Eu lembro a primeira vez que li Pedro Páramo. Não entendi nada, mas estava tão encantada com a história e com a escrita que resolvi fazer o meu trabalho final de graduação todo sobre ele. A premissa é bem simples: um filho que vai procurar seu pai depois que a mãe morre. Parece que não vai nos levar muito longe, mas esse livro de menos de duzentas páginas me mostrou tantos níveis de leitura que, quanto mais você entende o que está acontecendo, mais fascinado e aterrorizado você fica.
A busca pelo pai é uma temática comum nas narrativas mexicanas. Como exemplo disso há as teledramaturgias que recorrem a essa proposta.

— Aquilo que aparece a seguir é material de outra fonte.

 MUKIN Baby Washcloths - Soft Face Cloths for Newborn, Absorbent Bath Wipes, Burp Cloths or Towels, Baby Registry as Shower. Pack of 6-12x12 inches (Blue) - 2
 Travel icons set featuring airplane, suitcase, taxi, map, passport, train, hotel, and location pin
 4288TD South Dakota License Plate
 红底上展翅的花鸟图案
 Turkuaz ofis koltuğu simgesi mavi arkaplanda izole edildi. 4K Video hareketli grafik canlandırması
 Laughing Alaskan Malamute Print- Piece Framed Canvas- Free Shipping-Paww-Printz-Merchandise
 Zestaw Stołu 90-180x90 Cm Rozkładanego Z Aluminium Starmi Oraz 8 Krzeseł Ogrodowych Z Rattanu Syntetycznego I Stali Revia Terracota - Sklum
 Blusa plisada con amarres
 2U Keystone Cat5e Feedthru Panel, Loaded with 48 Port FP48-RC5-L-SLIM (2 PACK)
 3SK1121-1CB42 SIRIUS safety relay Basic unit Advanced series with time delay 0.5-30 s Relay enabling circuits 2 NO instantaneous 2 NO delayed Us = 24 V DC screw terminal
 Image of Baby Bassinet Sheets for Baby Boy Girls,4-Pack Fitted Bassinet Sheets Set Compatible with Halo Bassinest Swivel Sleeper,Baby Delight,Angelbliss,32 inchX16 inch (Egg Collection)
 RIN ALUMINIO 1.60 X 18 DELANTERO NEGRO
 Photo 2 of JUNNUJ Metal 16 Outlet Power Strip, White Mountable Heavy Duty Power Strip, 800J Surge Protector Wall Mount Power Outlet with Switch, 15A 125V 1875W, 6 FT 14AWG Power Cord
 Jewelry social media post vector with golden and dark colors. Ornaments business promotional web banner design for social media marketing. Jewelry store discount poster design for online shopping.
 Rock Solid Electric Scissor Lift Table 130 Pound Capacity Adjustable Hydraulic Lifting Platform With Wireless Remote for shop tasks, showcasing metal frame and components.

E apenas com as recordações do que lhe foi contado pela sua mãe, com a voz cheia de rancor, ele chega a Comala, cidade rodeada por bosques:
Vim a Comala porque me disseram que aqui vivia meu pai, um tal de Pedro Páramo. Minha mãe me disse. E eu prometi que viria vê-lo assim que ela morresse. Apertei suas mãos em sinal de que faria isso; pois ela estava morrendo, e eu decidido a prometer tudo.
A novela de Juan Rulfo, escrita em 1955, tem seu lugar de destaque na literatura mexicana e na latino-americana e foi publicada em diversas revistas com dois títulos diferentes, Una estrella junto a la luna e Los murmullos, até ser apresentada ao Fundo de Cultura Econômica e publicada com o título que conhecemos.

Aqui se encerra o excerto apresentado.